TASK PROMPT =>
From the line that holds "Приступили к заполнению" to the end of the records, reproduce every line exactly. No pictures.

Records from a data collection:
== Segment start ==
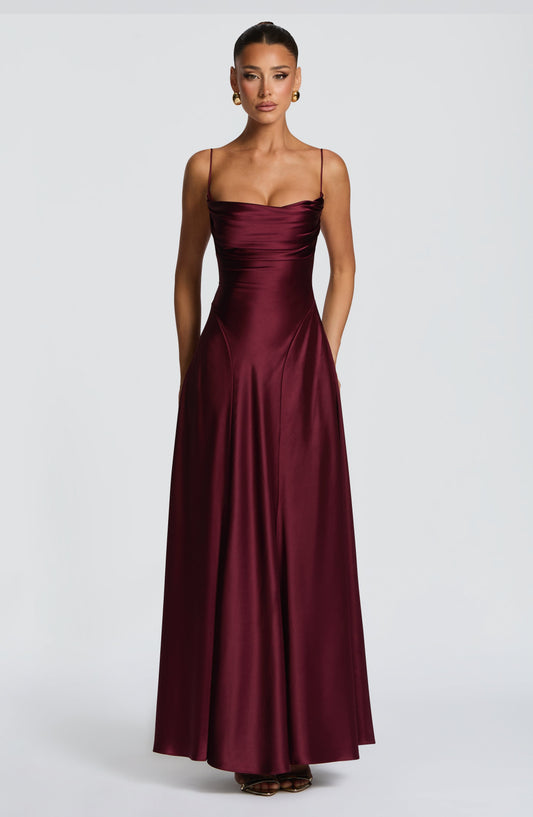 Emilia | Damen Glänzendes Rückenfreies Abendkleid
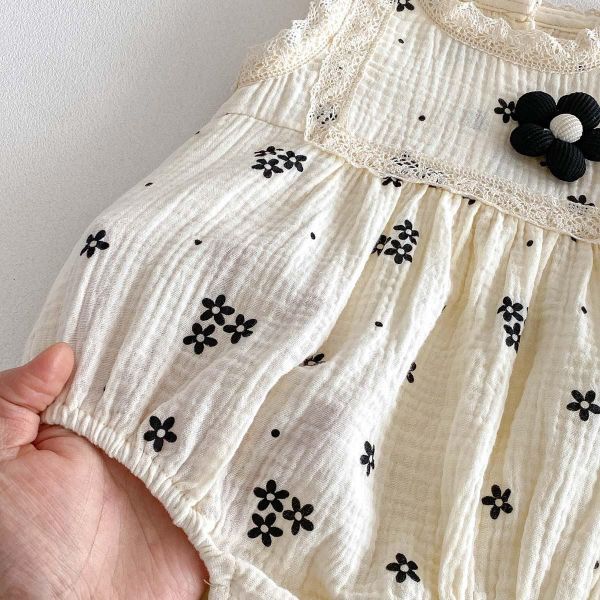 抓皺棉立體小花後開釦包屁衣 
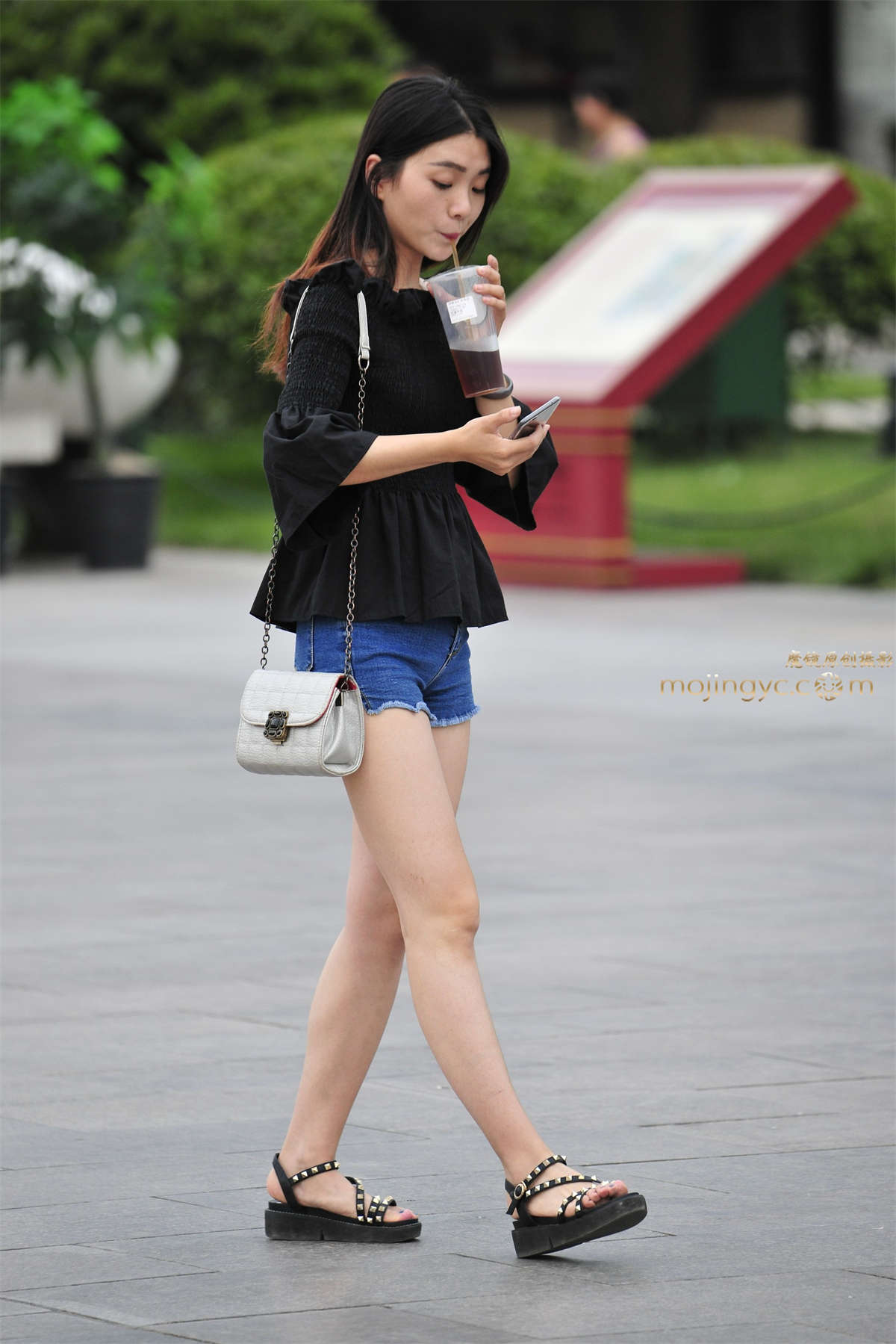 街拍大赛第三季-可爱短裤学生妹妹撅臀一瞬间-日更街拍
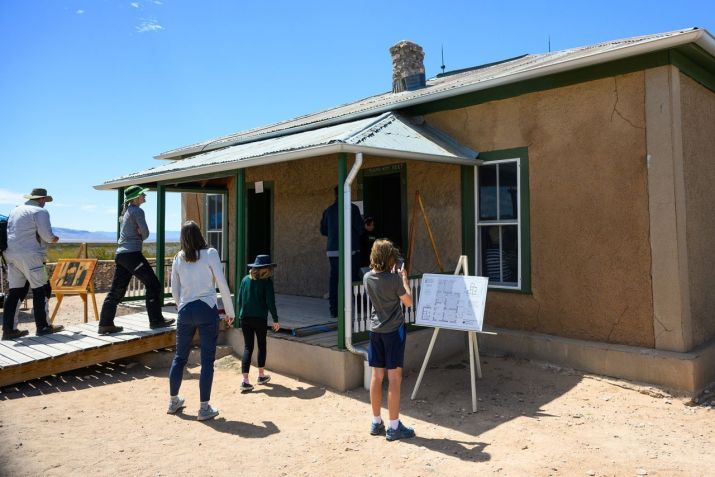 Turistas visitam a casa da fazenda McDonald no Trinity Site em White Sands, Novo México, em 1º de abril de 2023 / Sam Wasson/Sipa USA/AP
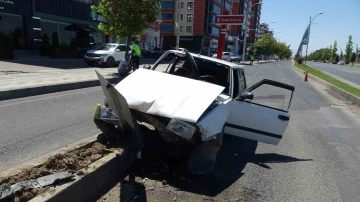 Refüje çarpan Tofaş kağıt gibi dağıldı: 6 yaralı
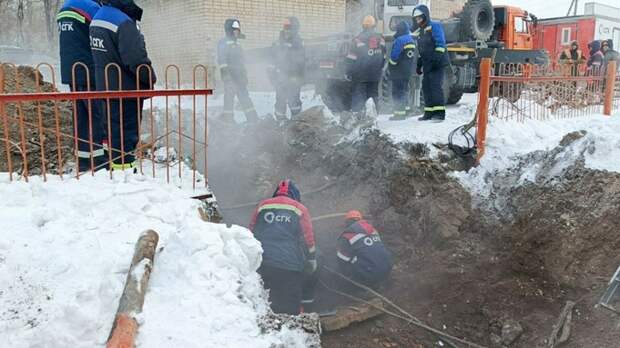 Приступили к заполнению сетей. Коммунальщики устранили прорыв на теплосети Рубцовска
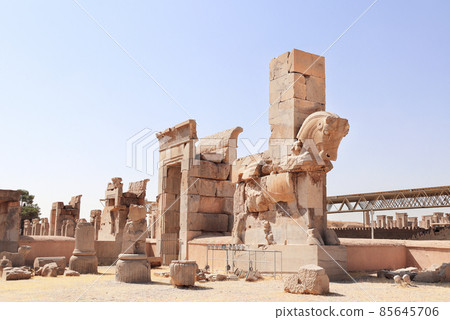 Ancient column with stone statue of bull in Persepolis (capital of the Achaemenid Empire), Shiraz, Iran Ancient column with stone statue of bull in Persepolis (capital of the Achaemenid Empire), Shiraz, Iran 85645706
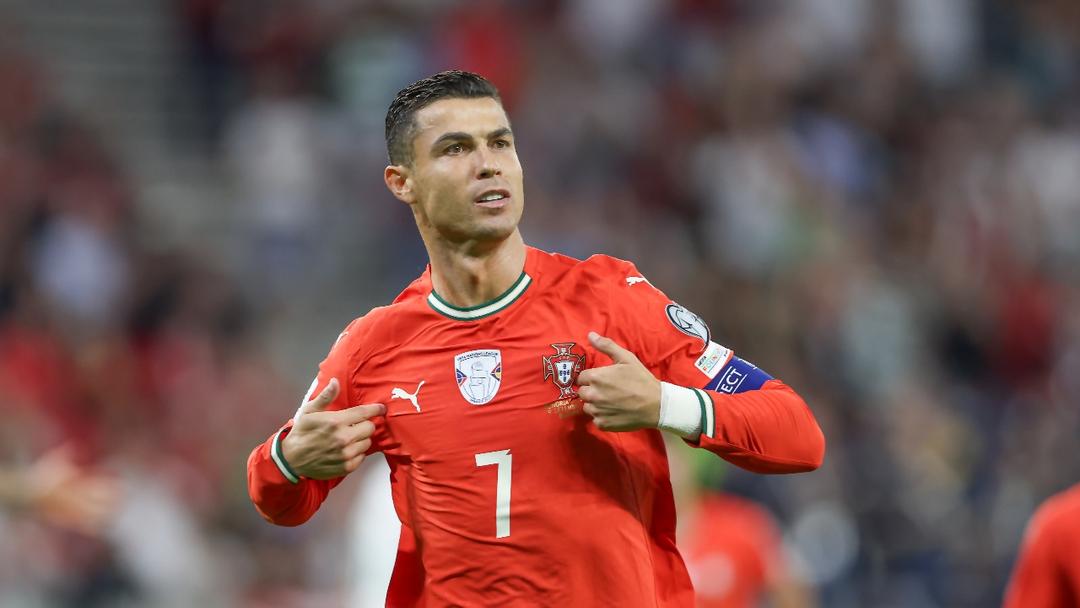 Cristiano Ronaldo Becomes Soccer's First Billionaire Player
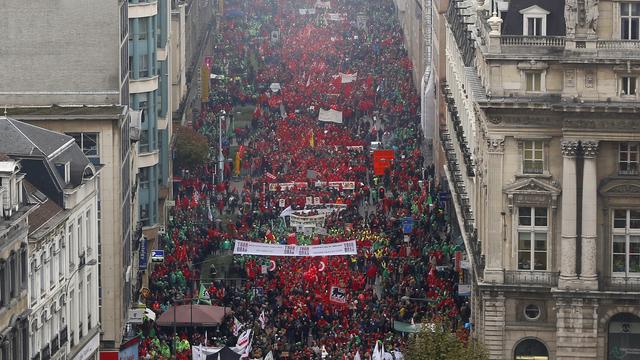 Au moins 100'000 personnes manifestaient jeudi à Bruxelles contre les mesures d'austérité du nouveau gouvernement de droite. [Yves Herman]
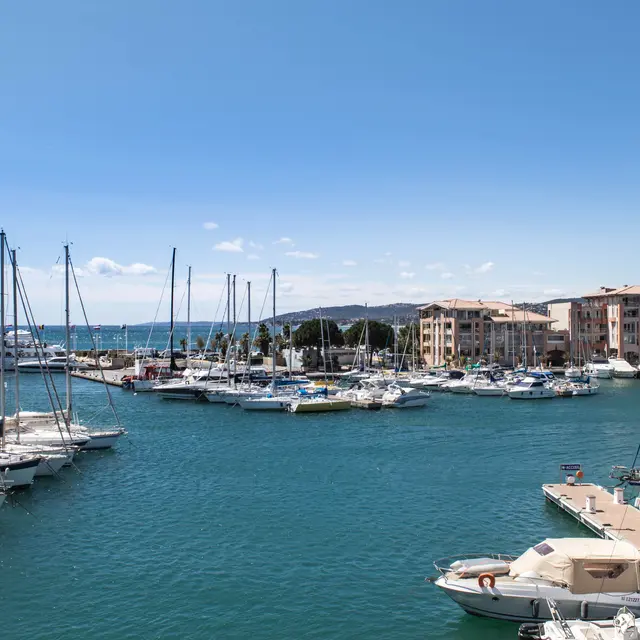 pORT Fréjus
== Segment end ==
RESPONSE BOX =>
 Приступили к заполнению сетей. Коммунальщики устранили прорыв на теплосети Рубцовска
 Ancient column with stone statue of bull in Persepolis (capital of the Achaemenid Empire), Shiraz, Iran Ancient column with stone statue of bull in Persepolis (capital of the Achaemenid Empire), Shiraz, Iran 85645706
 Cristiano Ronaldo Becomes Soccer's First Billionaire Player
 Au moins 100'000 personnes manifestaient jeudi à Bruxelles contre les mesures d'austérité du nouveau gouvernement de droite. [Yves Herman]
 pORT Fréjus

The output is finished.